Why Benchmarks Alone Can’t Define AI Progress: A Critical Look at Grok 3
Benchmarks have long been a staple in AI evaluation, but any serious AI scientist knows they can be gamed. I’ve written about this in detail before, and even LMsys had to adjust its blind test format — masking Grok 3 under a different label instead of merely hiding the brand — to mitigate brand bias. The problem with high-ability AI, especially models at the GPT-4 level or those relying on test-time compute, isn’t just about raw performance metrics. There are two fundamental challenges that no benchmark can fully capture.
The first major issue is the inability of current models to perform multi-layered strategic reasoning. If we break down any complex problem into distinct layers — scan, optimize & plan, and implement — any single mistake at one stage will cascade catastrophically in the final output. No amount of test-time compute will fix this because the issue is embedded in how these models process information sequentially.
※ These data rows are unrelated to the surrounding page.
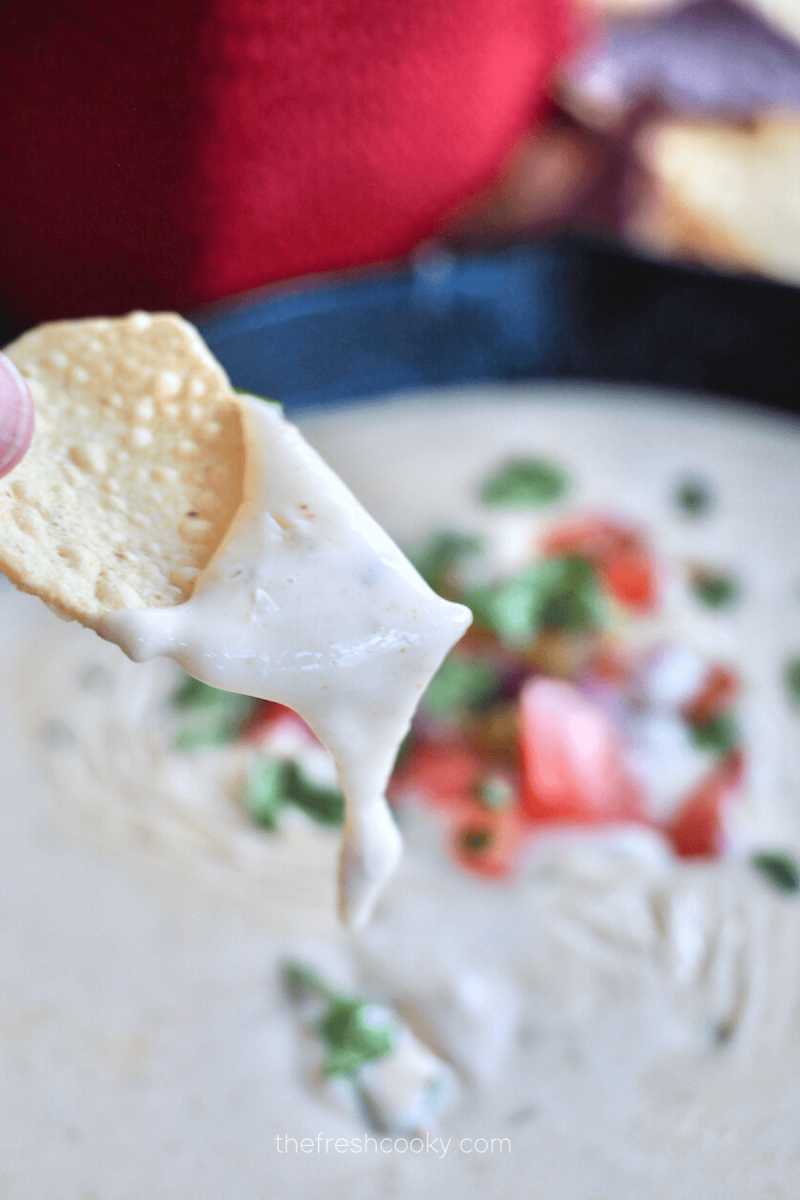 Hand dipping chip into Mexican White Cheese Dip.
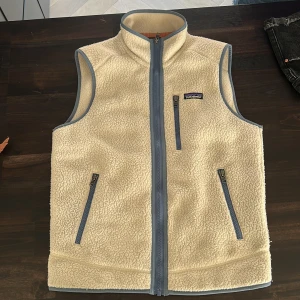 Beige fleeceväst från Patagonia - Säljer en beige fleeceväst från Patagonia med ljusblå detaljer och dragkedjor. I storlek S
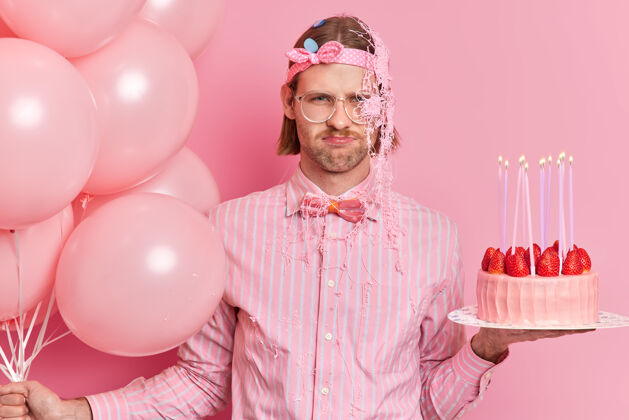 心烦不开心的生日照片派对上心情不好的家伙拿着美味的蛋糕和一堆氦气球蝴蝶结周年纪念脸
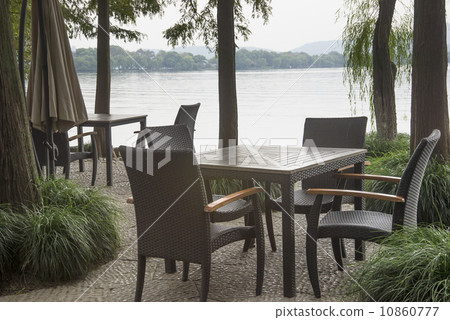 Tables and chairs at the lake Tables and chairs at the lake 10860777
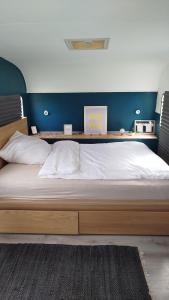 a large bed with a wooden frame in a bedroom at Wohnwagen auf Tierschutz Landhof inmitten der Natur in Selmsdorf +16 photos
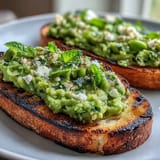 Smoky grilled sourdough bread topped with vibrant fava bean and mint spread.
The second issue concerns comprehending new knowledge. The standard knowledge gap for large models tends to be around 6–8 months. Even when fine-tuned with newer information, there’s evidence that contradictions can arise between newly introduced facts and the foundational knowledge established during pre-training. The core problem here is that these models don’t operate on fixed logical principles; their “logic” is dictated by weightings that emerge during pre-training. Some argue that retrieval-augmented generation (RAG) can address this, but RAG isn’t comprehension — it’s still just pattern-matching with an external database.
To assess Grok 3’s real-world capabilities, I tested it with four exercises:
- Basic text recognition: How many ‘r’s are in “strawberry”?
- Numerical comparison: Between 8.11 and 8.9, which is larger?
- Morse code decoding: A structured but non-trivial translation task.
- Advanced mathematical reasoning: Writing an RNN that correctly implements a nested matrix, where each element is itself a layered matrix rather than a simple number.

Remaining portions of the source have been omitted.